5 minutes with…Serena Lal

Background:

Coach Serena Lal is of Fijian-Indian descent. Before starting her role with Healthy Families Manukau, Manurewa-Papakura she was working at the University of Auckland, one of her jobs there was tutoring first year pre-med to Health Science students.

When she first joined the university as a tertiary student, she thought the best way she could make a difference in people’s health was to become a doctor. After a few lectures she found herself more concerned with the health system and how it could be both an enabler and barrier to how people access health services. She transitioned her studies and began to focus on how she could support the health system, and support a changing social environment, to give everyone an opportunity to have good health. Serena graduated with a Masters Degree in Public Health with Honours and a Bachelors Degree in Health Sciences with Honours.

“I really do believe in the prevention and systems approach,” she says. “The idea of how we treat and create our environment around us, directly influences how we live and what our health is like. The needs of the community are best known by the community.”

Current Role:

“I am a Coach with Healthy Families Manukau, Manurewa-Papakura. I see the role as a bit of a ‘jack of all trades’ – working with the community at grass roots level, looking at the structures above and below, working alongside industry and other stakeholders and, finding the cross-sections to help connect the different groups. I am in this job because I want to find out the reality of our community’s health, especially our high risk groups of South Asian, Maori and Pacific, and work with them for a community-led approach to health.

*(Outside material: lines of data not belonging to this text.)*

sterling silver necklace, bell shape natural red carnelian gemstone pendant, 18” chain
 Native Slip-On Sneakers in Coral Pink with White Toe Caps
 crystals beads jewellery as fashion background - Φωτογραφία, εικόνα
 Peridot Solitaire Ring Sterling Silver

I’m also here not only to find champions, but to be part of the process to create health champions who will continue and lead the mahi for their communities.”

Projects you are working on:

I have been working with the Ōtara Kai CoLABoration team. We are currently exploring ways to make seasonal produce more accessible by trialling an affordable produce bag called Ōtara Fresh. The idea is that the bag would contain all the vegetables you would need for one meal to feed 5 people for $5. It is accompanied by an easy to follow recipe and families just add meat.

I am also specifically looking into the health statistics for the South Asian community. We have begun building a map of what the life and health of South Asian descendants in South Auckland looks like and how we can work together for a solution to create better health outcomes.

What is your vision for health and wellbeing for South Auckland?

My vision would be that no one would have to make sacrifices to achieve good health. The families won’t have to choose between a good home, or a good meal, or the rent that week, that they can have it all.  That South Auckland’s environment would be conducive to health. And we would be excited about healthy lifestyle approaches without feeling we are compromising our culture or current practices.